## INSTRUCTIONS FOR THE TASK
Exactly as written, print the lines from the top of the listing through the line containing "Sırt dekolteli Uzun Elbise - Siyah"; include no pictures.

____

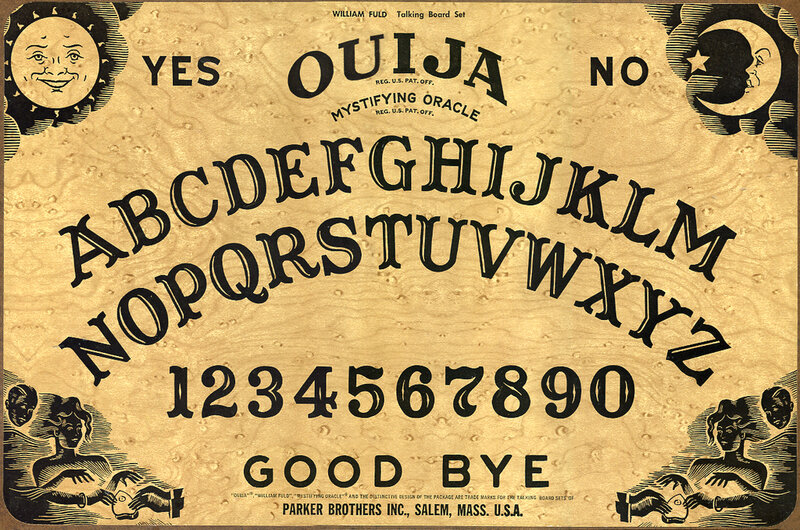 Ouija board with alphabet and numbers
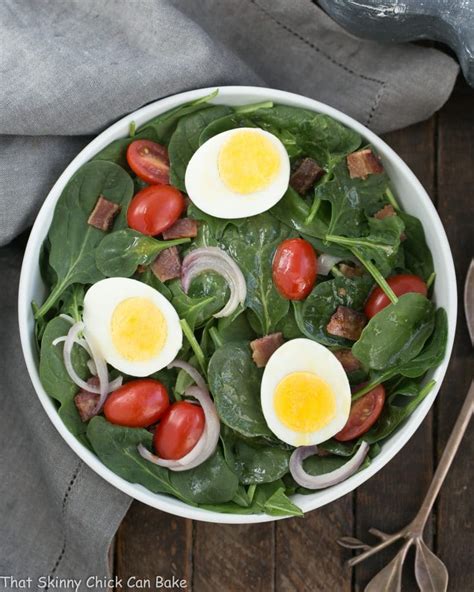 Easy Spinach Salad with Bacon, Eggs and Tomatoes - That Skinny Chick Can Bake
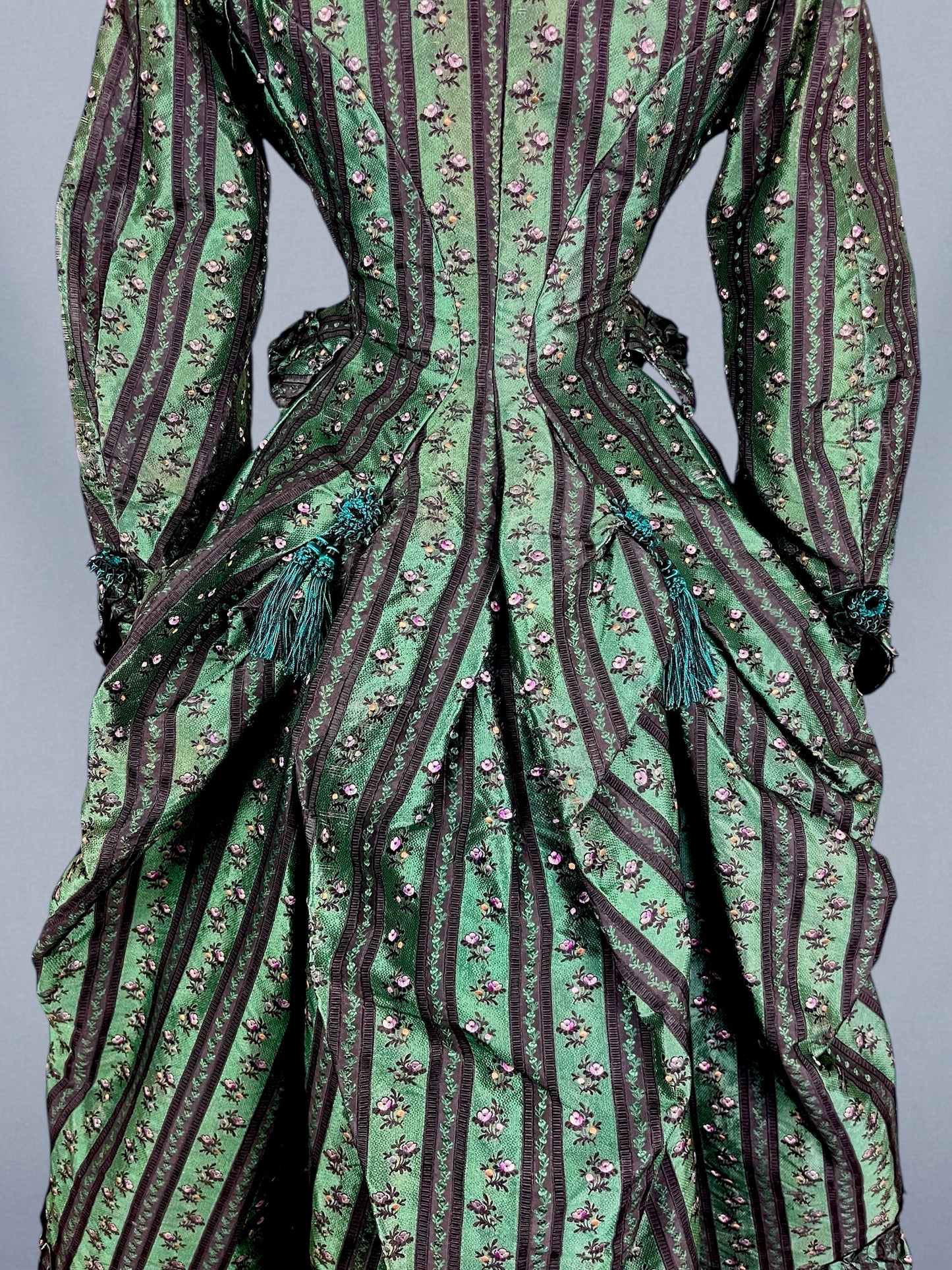 Exceptional Antique Victorian Polonaise Dress, 1870s–1880s, Emerald Green Figured Silk Bustle Gown, XXS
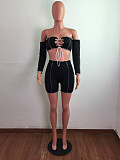 Hot Sales Off Shoulder Long Sleeve Crop Top Biker Shorts 2 Pieces LX-6891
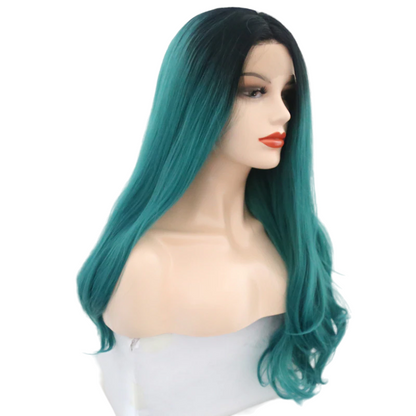 Ombre Green Wavy Lace Front Wig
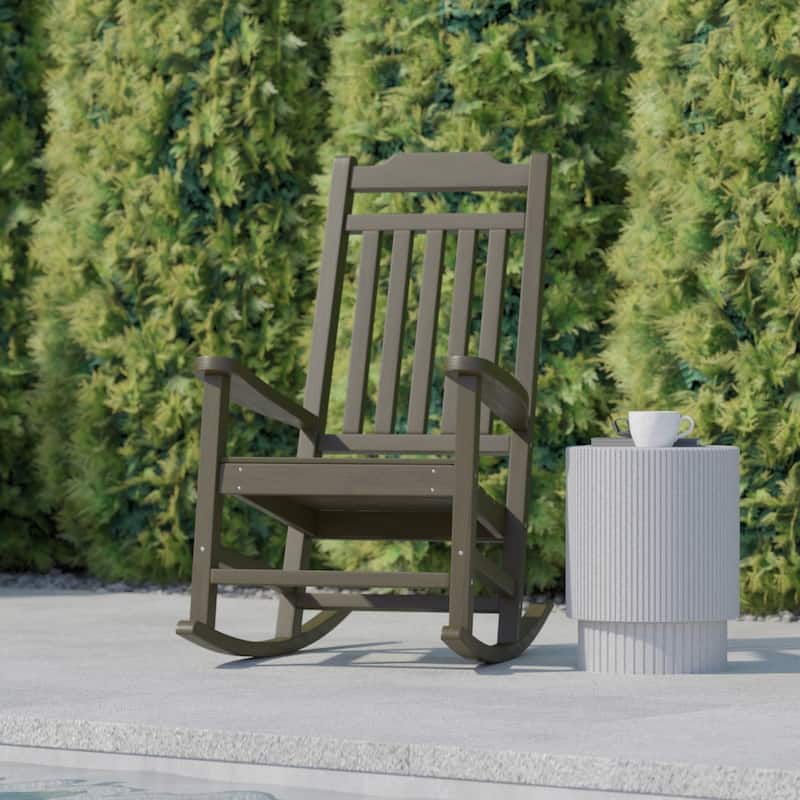 All-Weather Rocking Chair in Faux Wood - Patio and Backyard Furniture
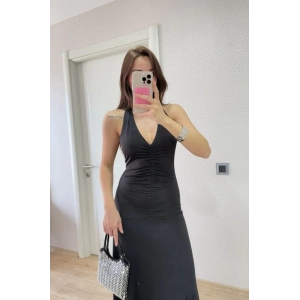 Sırt dekolteli Uzun Elbise - Siyah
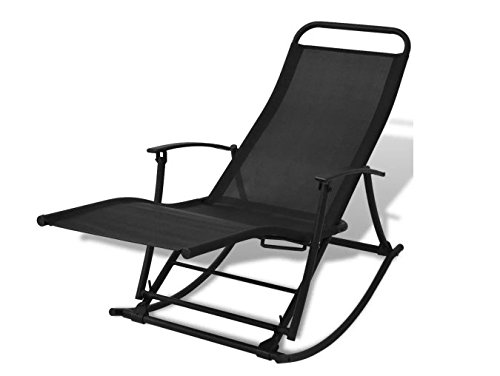 Foldable Garden Rocking Chair Black Garden Relax Comfortable Durable Steel Frame  textilene Fabric 59 x 252 x 327 SKB Family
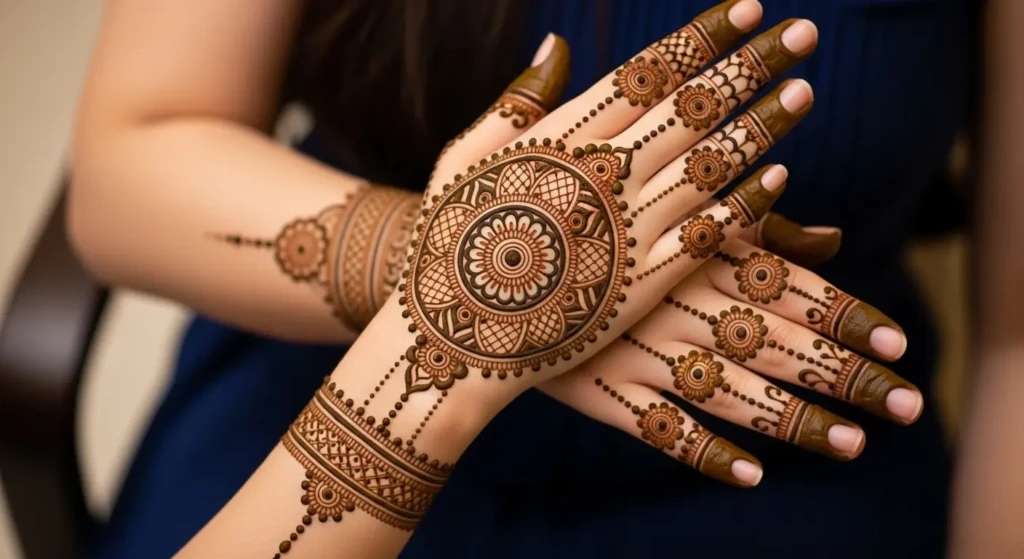 Round Mehndi Design Front Hand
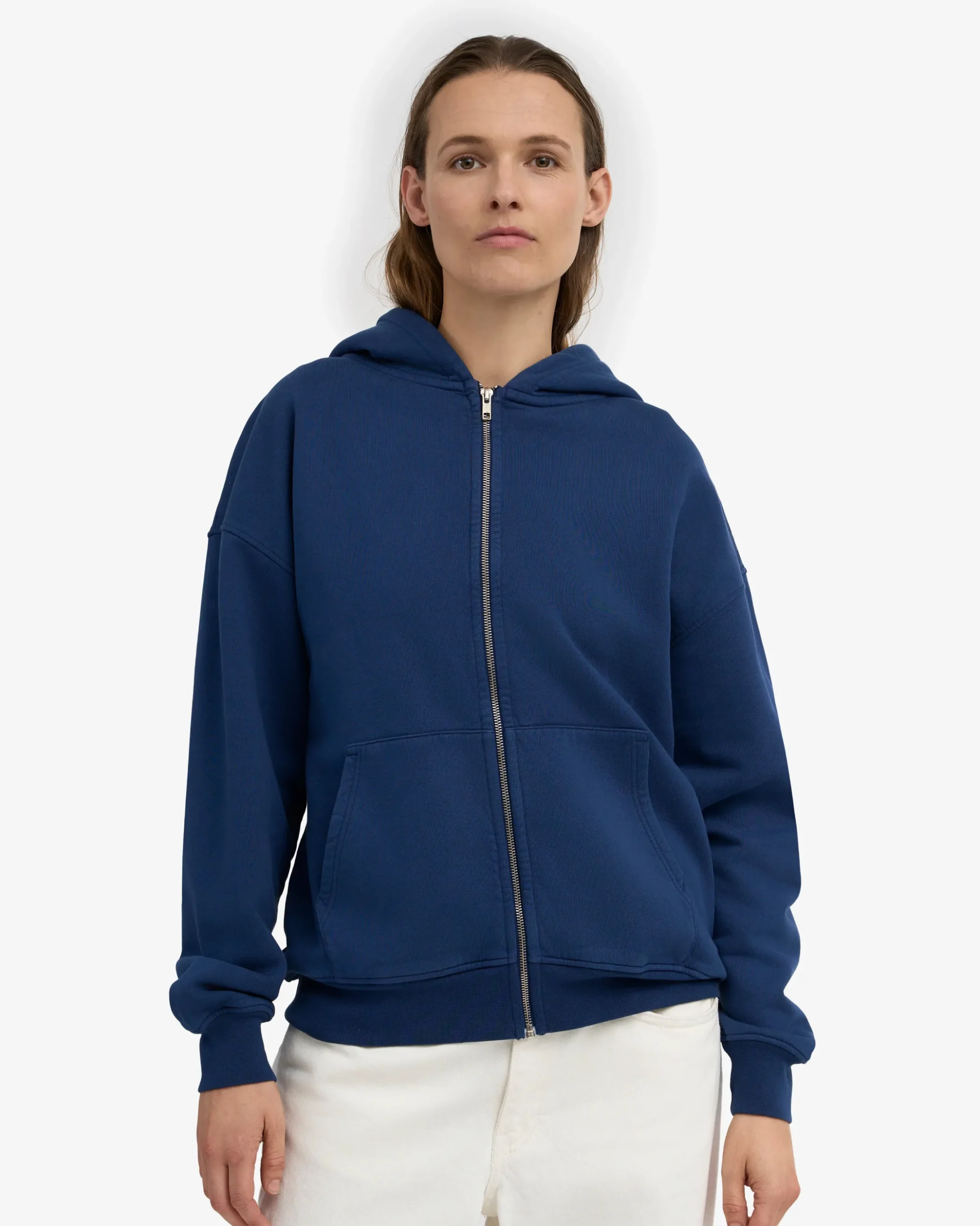 Organic Oversized Zip Hood - Marine Blue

____

## ANSWER SECTION
 Ouija board with alphabet and numbers
 Easy Spinach Salad with Bacon, Eggs and Tomatoes - That Skinny Chick Can Bake
 Exceptional Antique Victorian Polonaise Dress, 1870s–1880s, Emerald Green Figured Silk Bustle Gown, XXS
 Hot Sales Off Shoulder Long Sleeve Crop Top Biker Shorts 2 Pieces LX-6891
 Ombre Green Wavy Lace Front Wig
 All-Weather Rocking Chair in Faux Wood - Patio and Backyard Furniture
 Sırt dekolteli Uzun Elbise - Siyah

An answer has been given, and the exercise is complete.